Scraped caption text data
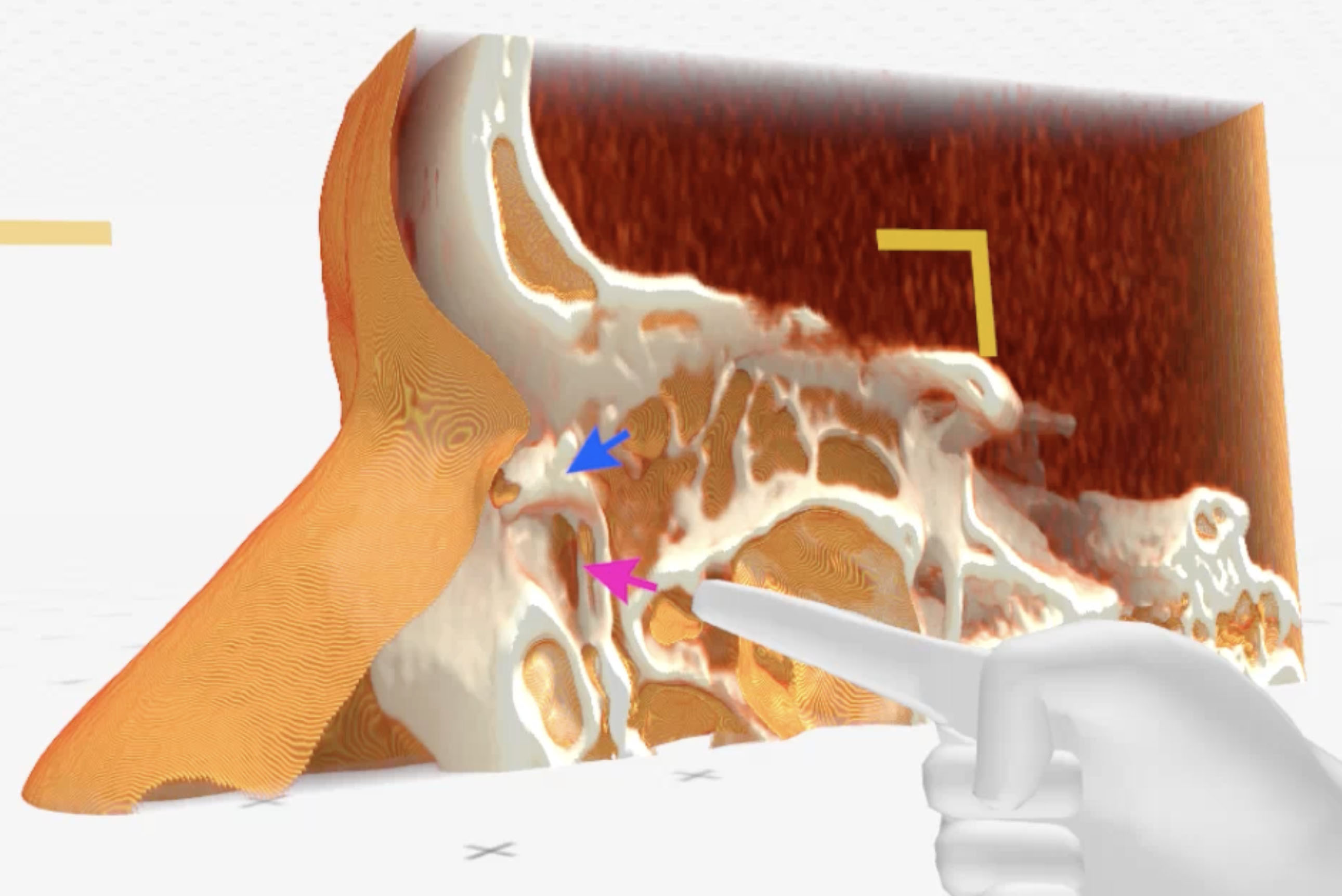 Article Header Image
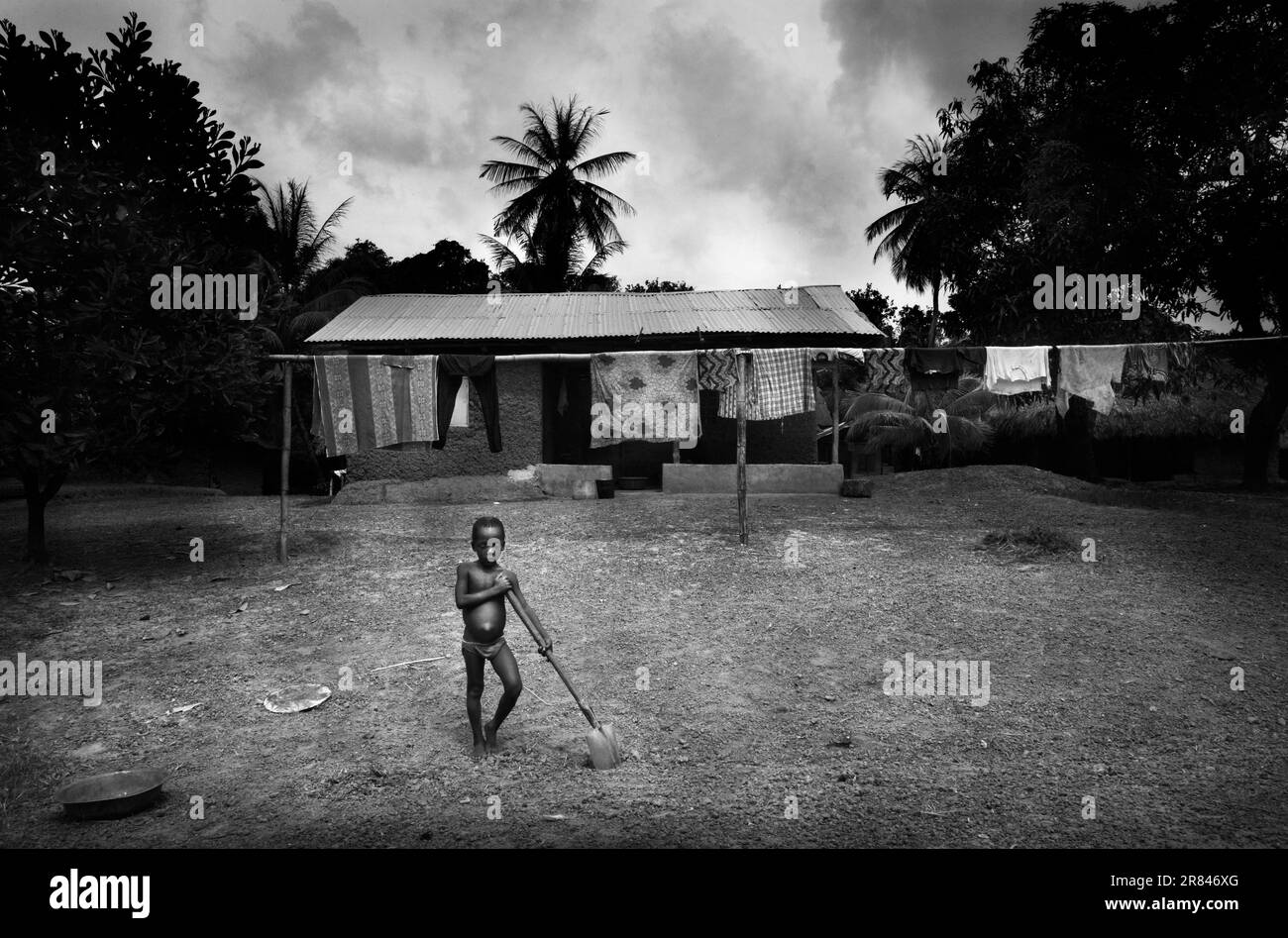 Malaria in Sierra Leone. Stock Photo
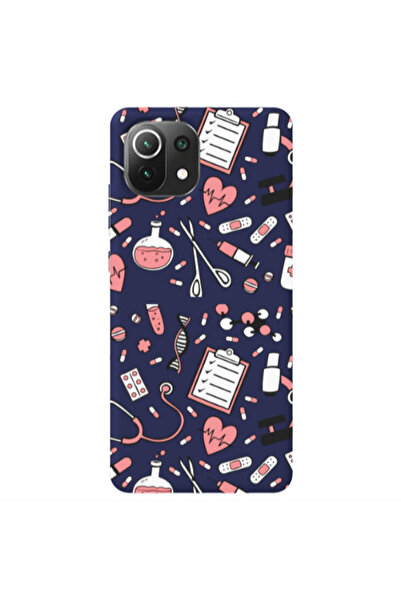 Other Xiaomi Mi 11 Lite Laboratory Dark blue Colored Silicone TPU Θήκη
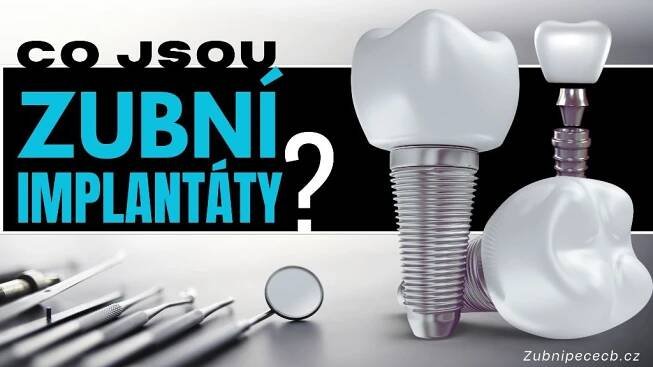 Co jsou zubní implantáty?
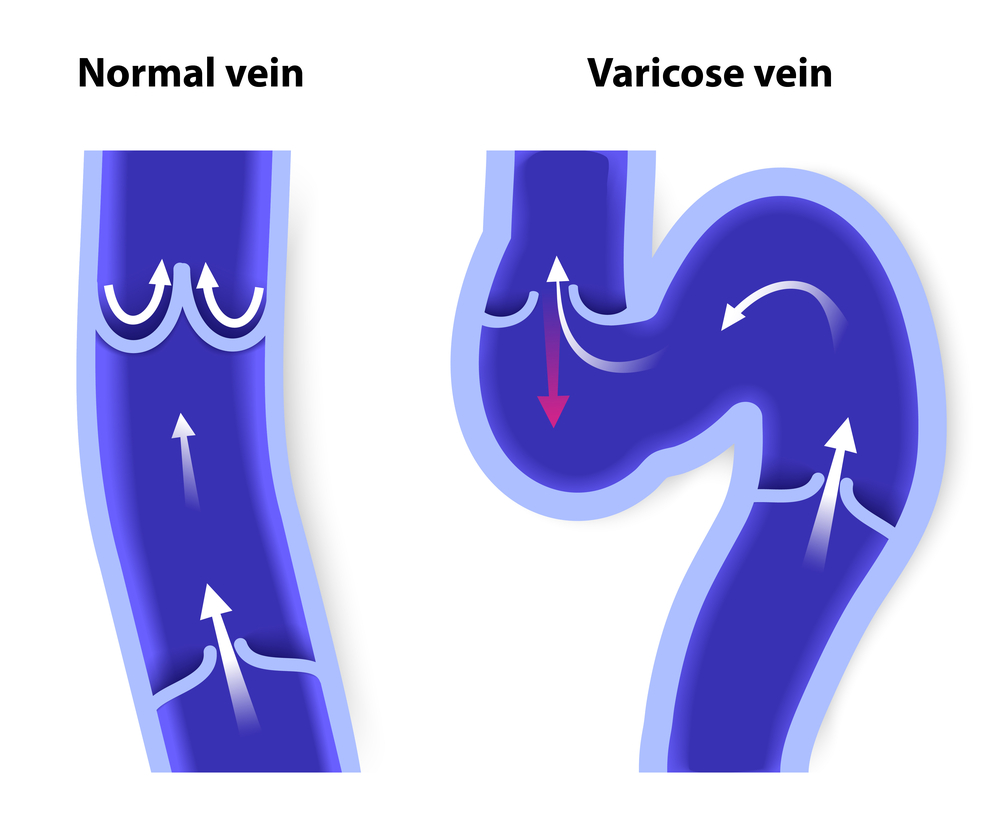 This Underdiagnosed Vein Issue Could Be Holding You Back Learn More - wd6byzc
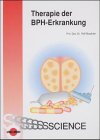 Therapie der BPH-Erkrankung Medicine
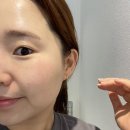 쥬에르스킨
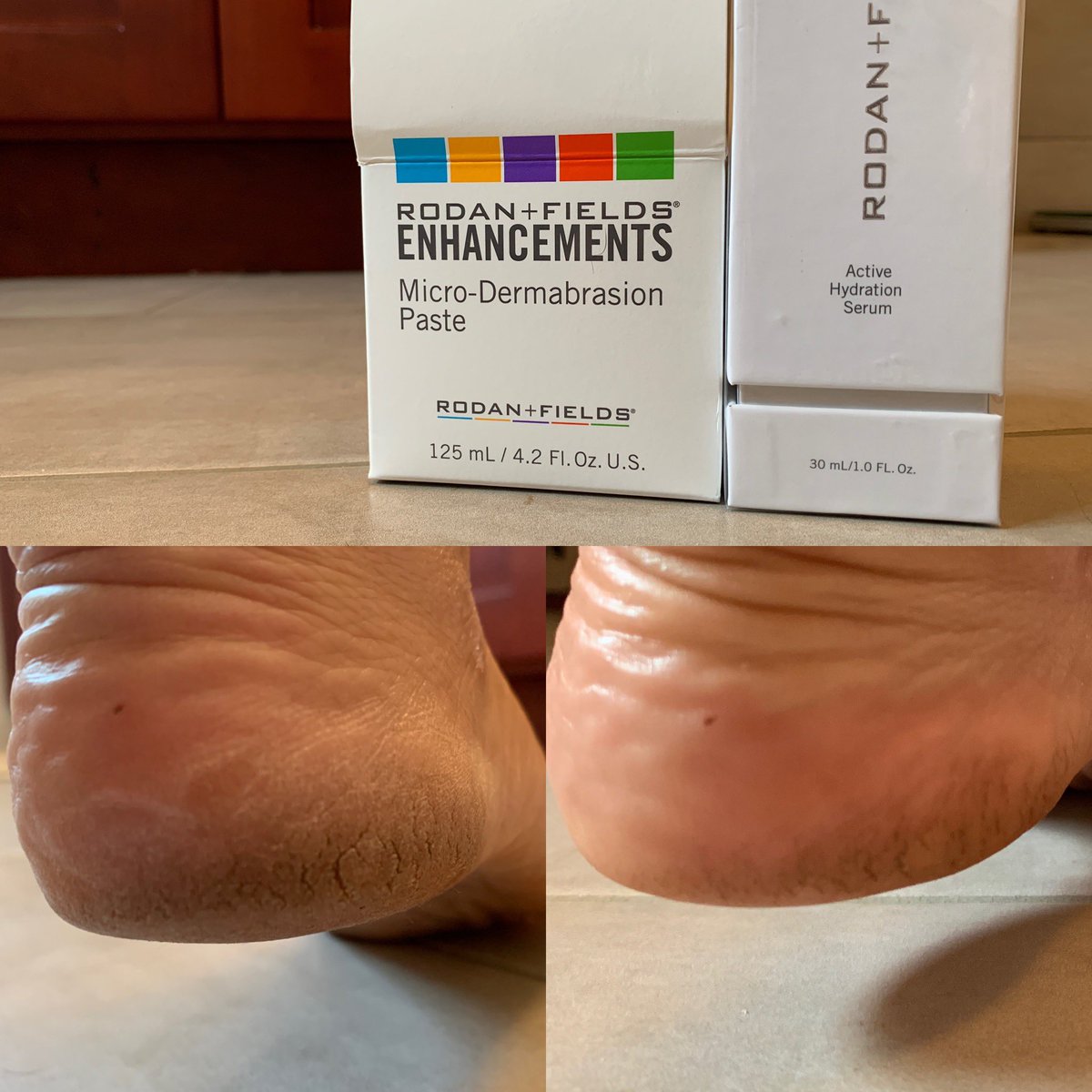 rlava2's tweet image. Needed to show my #feet some #love today &amp;amp; with these results after #1use you better believe I will continue for a week &amp;amp; post #results #rodanandfields #microdermabrasionpaste #activehydration #bodyreplenish #lifechangingskincare #women #loveyourbody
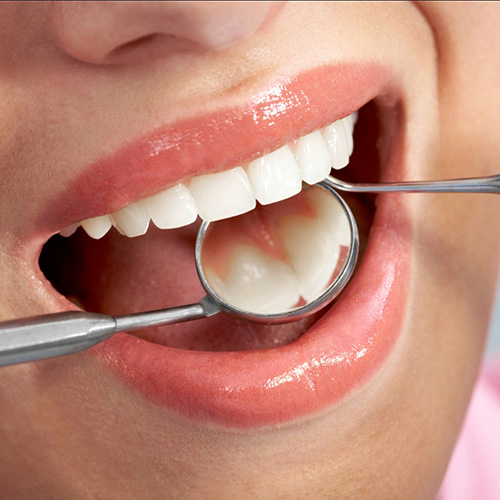 Răng Sứ Ceramco | Phục Hình Răng Sứ Ceramco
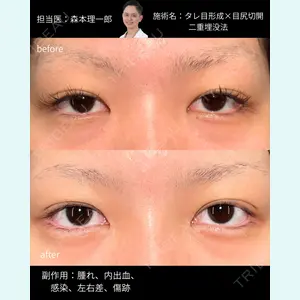 PRISM Beauty Clinic 町田院 森本 理一郎医師の症例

» **TASK INSTRUCTIONS**
With the pictures excluded, the line containing "Malaria in Sierra Leone. Stock Photo" and every line after it through the end of the data above are to be transcribed exactly, and nothing more.

» **OUTPUT OF THE TASK**
 Malaria in Sierra Leone. Stock Photo
 Other Xiaomi Mi 11 Lite Laboratory Dark blue Colored Silicone TPU Θήκη
 Co jsou zubní implantáty?
 This Underdiagnosed Vein Issue Could Be Holding You Back Learn More - wd6byzc
 Therapie der BPH-Erkrankung Medicine
 쥬에르스킨
 rlava2's tweet image. Needed to show my #feet some #love today &amp;amp; with these results after #1use you better believe I will continue for a week &amp;amp; post #results #rodanandfields #microdermabrasionpaste #activehydration #bodyreplenish #lifechangingskincare #women #loveyourbody
 Răng Sứ Ceramco | Phục Hình Răng Sứ Ceramco
 PRISM Beauty Clinic 町田院 森本 理一郎医師の症例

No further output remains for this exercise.